Ian asintió a estas palabras, con más ánimos. Luego empezó a examinar todas las herramientas del banco de trabajo. Júpiter le enseñó la sierra, el torno y la imprentilla. Ian lo observó todo con gran interés.
—Sí, es un equipo excelente —admiró.
Bob llegó al taller, saliendo del túnel dos.
—¡He hablado con Ndula! —exclamó con agitación—. Irá a recoger a MacKenzie y vendrán inmediatamente.
—En cierto modo, me gustaría que no viniesen tan pronto —se quejó Ian—. Ah, quisiera poder quedarme aquí y examinar todo el día vuestro puesto de mando —se inclinó y miró debajo del reborde del banco de trabajo—. ¿Para qué sirve esto, chicos?
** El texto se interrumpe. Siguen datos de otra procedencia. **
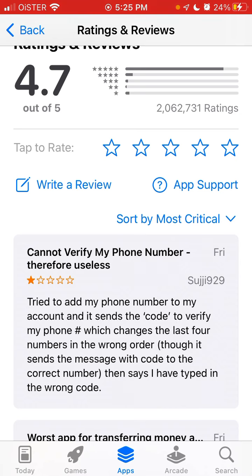And then you can just type these numbers and verify your Cash App. So if you have this kind of issue, please leave some comments below — like how did you solve it? Maybe you will help a lot of users.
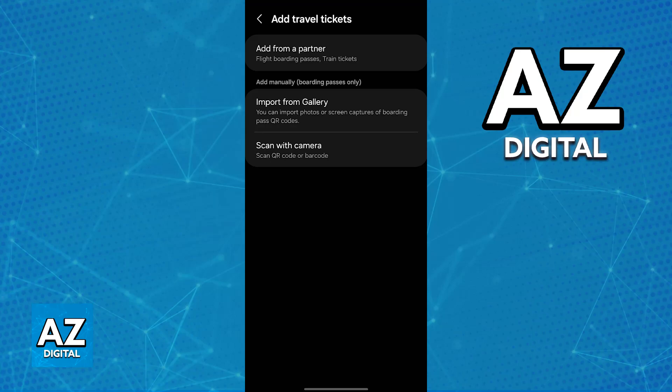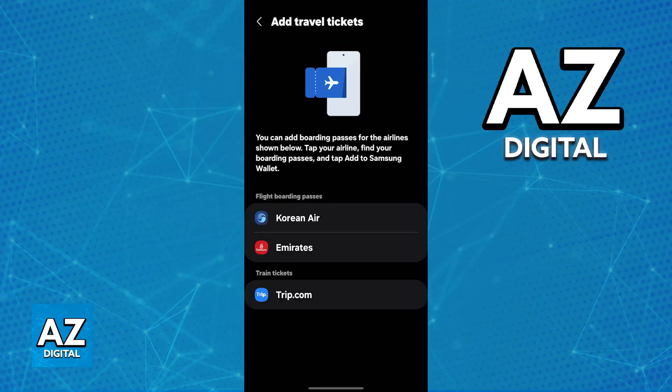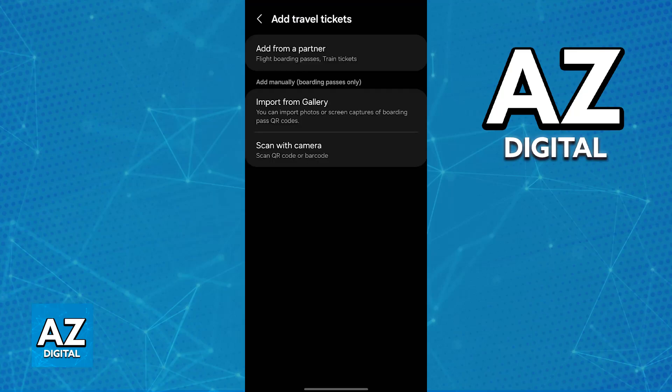The last two options add boarding passes manually. However, if you choose add from a partner and you have a boarding pass from Korean Air, Emirates, or Ryanair, you will be able to automatically import the flight ticket — using their own applications, all details will be imported automatically. Otherwise, choose whichever option is most convenient, importing from your gallery or scanning with your camera.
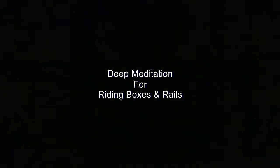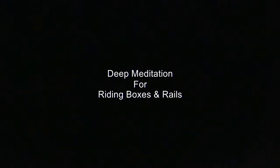Deep meditation for riding boxes and rails. For the purpose of deep meditation, the screen will be dark as the only images now will be in your mind. Use full screen on the video so no light or images will interfere with the mental images that you will create through this meditation.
Exhibió un objeto semejante a una cajita negra, del tamaño de un librito de cerillas.
—¿Esto? —repitió Pete—. Esto es… esto es… ¿Qué es, Jupe?
—¡Amigos! —exclamó Júpiter, contemplando el diminuto objeto—. ¡Esto no es nuestro! ¡Es un micrófono!
—¿Un micrófono? —se asombró Ian—. ¿Y para qué sirve?
—¡Para escuchar! —gritó Júpiter—. ¡Un micrófono casi invisible! ¡Alguien nos ha estado escuchando! ¡Vamos, de prisa, tenemos que…!
¡La voz que habló desde fuera del taller… era una voz que todos conocían!
—Nada de prisas, muchachos. ¡Vosotros no iréis a ninguna parte!
El secuestrador corpulento, el del pelo rizado, penetró en el taller. El otro le seguía.
¡Y los dos empuñaban sendas pistolas que apuntaban directamente a los cuatro muchachos!